═══ Stored data ═══

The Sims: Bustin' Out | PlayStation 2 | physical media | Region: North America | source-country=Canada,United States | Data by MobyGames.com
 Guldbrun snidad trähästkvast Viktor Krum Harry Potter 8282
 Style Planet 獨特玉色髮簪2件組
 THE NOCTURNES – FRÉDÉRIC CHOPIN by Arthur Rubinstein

═══

__Assignment__. All lines from the one with "Guldbrun snidad trähästkvast" through the final line of the listing above are to be restated word for word; the lines before it are left out.

__Response__.
 Guldbrun snidad trähästkvast Viktor Krum Harry Potter 8282
 Style Planet 獨特玉色髮簪2件組
 THE NOCTURNES – FRÉDÉRIC CHOPIN by Arthur Rubinstein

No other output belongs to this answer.